> Your goal: Look through the material below. Return exactly the lines from the one with "Rubies (XL) Women's" through the one with "Camiseta Minha Enfermeira", both included.

> Excerpted data:

-=-=-=-=-

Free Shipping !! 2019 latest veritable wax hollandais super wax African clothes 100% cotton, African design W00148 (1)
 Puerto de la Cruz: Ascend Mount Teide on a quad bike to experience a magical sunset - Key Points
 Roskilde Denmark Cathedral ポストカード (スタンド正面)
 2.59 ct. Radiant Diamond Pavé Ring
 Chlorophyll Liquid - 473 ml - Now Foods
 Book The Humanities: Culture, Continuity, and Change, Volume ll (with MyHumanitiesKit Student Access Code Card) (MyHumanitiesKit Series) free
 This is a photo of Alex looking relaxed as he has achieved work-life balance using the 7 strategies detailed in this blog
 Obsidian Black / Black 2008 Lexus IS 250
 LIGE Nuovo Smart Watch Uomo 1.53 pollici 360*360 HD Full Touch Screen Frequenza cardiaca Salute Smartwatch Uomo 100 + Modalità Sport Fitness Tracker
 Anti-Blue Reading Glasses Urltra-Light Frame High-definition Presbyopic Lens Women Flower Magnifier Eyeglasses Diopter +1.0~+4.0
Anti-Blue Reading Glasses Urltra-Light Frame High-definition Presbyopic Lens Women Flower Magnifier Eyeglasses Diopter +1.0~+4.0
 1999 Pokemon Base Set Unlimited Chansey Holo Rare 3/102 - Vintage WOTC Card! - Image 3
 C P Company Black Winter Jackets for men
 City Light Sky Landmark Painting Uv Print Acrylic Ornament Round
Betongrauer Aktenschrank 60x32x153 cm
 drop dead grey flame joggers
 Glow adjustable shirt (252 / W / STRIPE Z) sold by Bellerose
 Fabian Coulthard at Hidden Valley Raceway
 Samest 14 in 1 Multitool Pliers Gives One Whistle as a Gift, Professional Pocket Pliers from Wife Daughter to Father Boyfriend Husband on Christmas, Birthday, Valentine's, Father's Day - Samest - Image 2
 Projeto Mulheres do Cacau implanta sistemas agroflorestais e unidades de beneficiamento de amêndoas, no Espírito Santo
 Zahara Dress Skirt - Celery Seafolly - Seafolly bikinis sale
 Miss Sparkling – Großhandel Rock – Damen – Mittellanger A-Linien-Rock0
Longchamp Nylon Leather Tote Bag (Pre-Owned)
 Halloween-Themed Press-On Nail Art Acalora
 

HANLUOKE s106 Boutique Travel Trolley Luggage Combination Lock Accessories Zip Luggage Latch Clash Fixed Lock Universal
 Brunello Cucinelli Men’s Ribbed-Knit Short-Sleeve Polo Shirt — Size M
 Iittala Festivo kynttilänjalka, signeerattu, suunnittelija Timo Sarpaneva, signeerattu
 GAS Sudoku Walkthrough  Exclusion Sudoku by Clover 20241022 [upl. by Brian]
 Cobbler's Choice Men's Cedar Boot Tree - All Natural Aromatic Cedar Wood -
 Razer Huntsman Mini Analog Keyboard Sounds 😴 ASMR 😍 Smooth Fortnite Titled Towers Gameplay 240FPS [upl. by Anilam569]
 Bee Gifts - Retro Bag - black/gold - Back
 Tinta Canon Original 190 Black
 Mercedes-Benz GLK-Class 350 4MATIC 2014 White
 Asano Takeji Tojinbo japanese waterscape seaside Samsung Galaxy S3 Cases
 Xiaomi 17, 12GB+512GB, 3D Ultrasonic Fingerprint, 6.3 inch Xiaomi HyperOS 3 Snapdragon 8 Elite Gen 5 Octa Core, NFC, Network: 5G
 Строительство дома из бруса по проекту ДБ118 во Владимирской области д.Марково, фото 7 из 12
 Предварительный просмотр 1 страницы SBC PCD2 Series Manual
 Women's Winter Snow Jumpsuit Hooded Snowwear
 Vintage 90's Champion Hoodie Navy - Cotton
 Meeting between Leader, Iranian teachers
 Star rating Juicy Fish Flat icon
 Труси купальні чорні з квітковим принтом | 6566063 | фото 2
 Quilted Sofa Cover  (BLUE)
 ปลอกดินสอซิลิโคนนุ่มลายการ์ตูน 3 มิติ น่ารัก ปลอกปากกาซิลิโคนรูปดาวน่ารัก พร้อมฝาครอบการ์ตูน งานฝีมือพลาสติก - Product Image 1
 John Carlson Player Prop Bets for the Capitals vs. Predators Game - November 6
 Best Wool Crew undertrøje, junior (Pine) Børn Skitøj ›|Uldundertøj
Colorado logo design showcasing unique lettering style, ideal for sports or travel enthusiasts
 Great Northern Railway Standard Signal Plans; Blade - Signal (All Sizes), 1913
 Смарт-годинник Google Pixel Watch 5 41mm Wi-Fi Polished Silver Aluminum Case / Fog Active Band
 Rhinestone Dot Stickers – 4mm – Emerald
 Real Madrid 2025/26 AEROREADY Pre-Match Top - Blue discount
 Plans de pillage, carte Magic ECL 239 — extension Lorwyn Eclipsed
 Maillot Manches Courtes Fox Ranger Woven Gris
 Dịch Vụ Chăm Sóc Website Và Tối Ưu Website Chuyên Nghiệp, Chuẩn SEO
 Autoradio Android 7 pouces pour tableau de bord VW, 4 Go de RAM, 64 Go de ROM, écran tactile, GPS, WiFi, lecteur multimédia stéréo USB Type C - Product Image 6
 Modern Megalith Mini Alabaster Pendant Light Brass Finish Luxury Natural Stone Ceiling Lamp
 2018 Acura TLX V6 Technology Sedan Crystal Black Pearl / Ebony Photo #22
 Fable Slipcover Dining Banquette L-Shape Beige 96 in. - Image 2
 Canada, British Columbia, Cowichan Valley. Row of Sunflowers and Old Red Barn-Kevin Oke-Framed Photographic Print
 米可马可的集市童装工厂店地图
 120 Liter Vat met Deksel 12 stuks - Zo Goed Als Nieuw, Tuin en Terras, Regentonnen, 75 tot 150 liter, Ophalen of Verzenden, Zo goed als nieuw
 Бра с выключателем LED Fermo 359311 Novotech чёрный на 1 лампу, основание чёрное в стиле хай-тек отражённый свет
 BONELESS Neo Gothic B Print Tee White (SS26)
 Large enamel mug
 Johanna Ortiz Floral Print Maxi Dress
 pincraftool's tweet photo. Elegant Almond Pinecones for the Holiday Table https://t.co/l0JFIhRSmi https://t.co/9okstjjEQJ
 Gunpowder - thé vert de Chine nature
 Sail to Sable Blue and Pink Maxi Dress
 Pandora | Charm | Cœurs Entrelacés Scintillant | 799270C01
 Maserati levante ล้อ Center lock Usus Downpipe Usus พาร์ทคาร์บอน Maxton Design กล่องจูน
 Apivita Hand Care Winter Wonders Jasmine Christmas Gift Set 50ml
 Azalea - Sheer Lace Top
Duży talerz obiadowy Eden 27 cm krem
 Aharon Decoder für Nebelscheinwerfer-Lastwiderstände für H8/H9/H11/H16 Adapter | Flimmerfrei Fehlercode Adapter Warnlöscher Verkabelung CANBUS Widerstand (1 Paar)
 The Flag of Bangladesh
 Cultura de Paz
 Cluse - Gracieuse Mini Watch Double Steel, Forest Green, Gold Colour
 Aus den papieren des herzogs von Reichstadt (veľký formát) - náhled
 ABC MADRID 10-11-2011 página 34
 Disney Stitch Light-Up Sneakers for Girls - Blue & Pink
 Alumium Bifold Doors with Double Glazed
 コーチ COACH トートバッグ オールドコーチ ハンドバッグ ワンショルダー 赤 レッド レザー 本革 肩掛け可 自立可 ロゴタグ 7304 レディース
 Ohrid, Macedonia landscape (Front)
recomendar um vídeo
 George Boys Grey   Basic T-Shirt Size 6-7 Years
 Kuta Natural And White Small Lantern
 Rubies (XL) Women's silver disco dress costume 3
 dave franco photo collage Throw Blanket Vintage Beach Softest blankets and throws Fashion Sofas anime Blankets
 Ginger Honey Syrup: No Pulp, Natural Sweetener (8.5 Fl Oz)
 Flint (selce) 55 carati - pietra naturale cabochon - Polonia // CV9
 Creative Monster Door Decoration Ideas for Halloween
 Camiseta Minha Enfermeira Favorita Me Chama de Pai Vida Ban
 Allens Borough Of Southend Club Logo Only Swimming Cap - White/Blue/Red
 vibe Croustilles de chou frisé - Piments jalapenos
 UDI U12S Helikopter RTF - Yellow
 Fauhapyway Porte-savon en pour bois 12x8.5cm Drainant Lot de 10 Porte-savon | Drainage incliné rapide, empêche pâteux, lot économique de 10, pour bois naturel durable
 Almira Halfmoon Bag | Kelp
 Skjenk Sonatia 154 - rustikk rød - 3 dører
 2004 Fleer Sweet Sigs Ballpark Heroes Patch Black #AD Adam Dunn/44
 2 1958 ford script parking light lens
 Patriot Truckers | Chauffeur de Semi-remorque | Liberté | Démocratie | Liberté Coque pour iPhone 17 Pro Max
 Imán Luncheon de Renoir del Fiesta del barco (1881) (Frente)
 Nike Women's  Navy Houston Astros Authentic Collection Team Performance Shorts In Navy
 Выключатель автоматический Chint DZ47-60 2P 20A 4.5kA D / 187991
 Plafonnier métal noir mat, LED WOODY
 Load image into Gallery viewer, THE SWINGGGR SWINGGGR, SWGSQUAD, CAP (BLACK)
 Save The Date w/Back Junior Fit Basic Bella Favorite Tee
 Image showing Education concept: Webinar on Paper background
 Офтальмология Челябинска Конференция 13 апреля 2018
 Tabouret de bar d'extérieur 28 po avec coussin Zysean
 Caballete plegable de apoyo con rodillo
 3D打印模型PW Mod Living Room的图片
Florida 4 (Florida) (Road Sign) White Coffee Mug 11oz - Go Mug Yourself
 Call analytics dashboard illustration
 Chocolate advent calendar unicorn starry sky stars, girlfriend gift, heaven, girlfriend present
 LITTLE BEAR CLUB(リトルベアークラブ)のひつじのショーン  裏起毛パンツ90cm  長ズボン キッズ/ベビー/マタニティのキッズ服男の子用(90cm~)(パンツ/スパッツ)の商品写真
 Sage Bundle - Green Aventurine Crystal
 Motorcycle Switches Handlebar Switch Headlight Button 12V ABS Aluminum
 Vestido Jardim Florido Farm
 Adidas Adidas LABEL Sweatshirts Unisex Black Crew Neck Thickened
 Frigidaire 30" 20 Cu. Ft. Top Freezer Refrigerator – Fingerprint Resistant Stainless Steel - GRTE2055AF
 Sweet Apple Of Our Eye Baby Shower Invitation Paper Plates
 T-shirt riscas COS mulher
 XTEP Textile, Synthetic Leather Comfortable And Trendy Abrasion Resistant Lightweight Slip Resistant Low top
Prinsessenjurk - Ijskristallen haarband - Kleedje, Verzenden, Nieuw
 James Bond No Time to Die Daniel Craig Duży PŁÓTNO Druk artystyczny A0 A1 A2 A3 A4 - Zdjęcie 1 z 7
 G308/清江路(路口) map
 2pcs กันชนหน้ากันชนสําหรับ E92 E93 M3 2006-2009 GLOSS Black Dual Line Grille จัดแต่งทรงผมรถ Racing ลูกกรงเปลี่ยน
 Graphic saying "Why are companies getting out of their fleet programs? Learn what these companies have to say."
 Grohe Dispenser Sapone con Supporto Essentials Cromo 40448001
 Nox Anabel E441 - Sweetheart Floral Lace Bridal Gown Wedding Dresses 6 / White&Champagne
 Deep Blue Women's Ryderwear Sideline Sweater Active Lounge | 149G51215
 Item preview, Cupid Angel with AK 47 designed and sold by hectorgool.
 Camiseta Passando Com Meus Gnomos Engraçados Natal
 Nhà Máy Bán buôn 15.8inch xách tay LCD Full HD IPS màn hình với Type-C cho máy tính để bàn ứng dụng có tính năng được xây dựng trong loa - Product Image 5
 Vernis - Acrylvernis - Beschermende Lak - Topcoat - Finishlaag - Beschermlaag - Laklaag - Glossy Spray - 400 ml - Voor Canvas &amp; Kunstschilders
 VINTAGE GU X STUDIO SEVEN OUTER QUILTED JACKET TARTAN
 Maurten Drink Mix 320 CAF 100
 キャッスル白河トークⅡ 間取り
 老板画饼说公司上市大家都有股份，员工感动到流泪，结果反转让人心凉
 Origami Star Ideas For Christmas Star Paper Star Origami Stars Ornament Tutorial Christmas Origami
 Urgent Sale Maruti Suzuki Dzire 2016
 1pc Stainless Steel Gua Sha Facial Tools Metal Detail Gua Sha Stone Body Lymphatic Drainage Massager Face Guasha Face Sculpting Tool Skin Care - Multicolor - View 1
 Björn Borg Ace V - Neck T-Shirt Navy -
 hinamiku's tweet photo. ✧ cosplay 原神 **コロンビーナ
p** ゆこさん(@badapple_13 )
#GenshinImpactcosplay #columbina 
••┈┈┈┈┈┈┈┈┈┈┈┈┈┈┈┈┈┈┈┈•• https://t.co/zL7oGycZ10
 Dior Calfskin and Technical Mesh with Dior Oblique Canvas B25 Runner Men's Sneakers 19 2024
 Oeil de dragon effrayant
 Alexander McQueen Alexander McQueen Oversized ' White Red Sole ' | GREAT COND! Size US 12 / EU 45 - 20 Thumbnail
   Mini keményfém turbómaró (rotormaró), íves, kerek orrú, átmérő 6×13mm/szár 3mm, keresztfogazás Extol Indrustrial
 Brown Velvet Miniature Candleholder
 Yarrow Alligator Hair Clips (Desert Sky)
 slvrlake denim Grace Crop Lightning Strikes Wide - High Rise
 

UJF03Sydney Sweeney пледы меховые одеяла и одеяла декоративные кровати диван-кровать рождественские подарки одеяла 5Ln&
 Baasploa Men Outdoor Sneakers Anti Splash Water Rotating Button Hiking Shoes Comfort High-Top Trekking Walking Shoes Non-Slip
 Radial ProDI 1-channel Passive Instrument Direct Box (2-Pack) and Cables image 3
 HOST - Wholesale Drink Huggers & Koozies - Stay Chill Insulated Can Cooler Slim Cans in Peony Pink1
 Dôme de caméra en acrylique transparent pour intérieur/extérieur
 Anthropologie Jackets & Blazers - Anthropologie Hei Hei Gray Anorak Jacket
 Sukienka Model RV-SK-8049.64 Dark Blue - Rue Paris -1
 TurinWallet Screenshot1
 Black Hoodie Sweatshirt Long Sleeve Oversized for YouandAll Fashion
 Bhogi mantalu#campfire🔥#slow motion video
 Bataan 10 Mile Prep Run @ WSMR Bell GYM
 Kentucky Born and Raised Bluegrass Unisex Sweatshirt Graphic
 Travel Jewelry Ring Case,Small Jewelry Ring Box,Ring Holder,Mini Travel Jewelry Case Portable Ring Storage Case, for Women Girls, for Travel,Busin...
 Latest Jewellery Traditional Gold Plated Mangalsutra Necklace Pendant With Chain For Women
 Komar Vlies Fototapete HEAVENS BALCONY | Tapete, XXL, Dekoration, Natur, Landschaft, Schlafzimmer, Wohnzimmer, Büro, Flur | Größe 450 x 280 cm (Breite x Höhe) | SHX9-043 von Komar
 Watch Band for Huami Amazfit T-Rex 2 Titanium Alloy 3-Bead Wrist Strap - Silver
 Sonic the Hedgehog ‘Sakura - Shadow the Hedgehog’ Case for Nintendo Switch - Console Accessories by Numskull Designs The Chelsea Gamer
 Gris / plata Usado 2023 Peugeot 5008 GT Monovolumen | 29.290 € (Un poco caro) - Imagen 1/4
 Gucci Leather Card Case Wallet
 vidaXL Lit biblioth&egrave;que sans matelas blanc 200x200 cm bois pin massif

-=-=-=-=-

> Answer to this problem:
 Rubies (XL) Women's silver disco dress costume 3
 dave franco photo collage Throw Blanket Vintage Beach Softest blankets and throws Fashion Sofas anime Blankets
 Ginger Honey Syrup: No Pulp, Natural Sweetener (8.5 Fl Oz)
 Flint (selce) 55 carati - pietra naturale cabochon - Polonia // CV9
 Creative Monster Door Decoration Ideas for Halloween
 Camiseta Minha Enfermeira Favorita Me Chama de Pai Vida Ban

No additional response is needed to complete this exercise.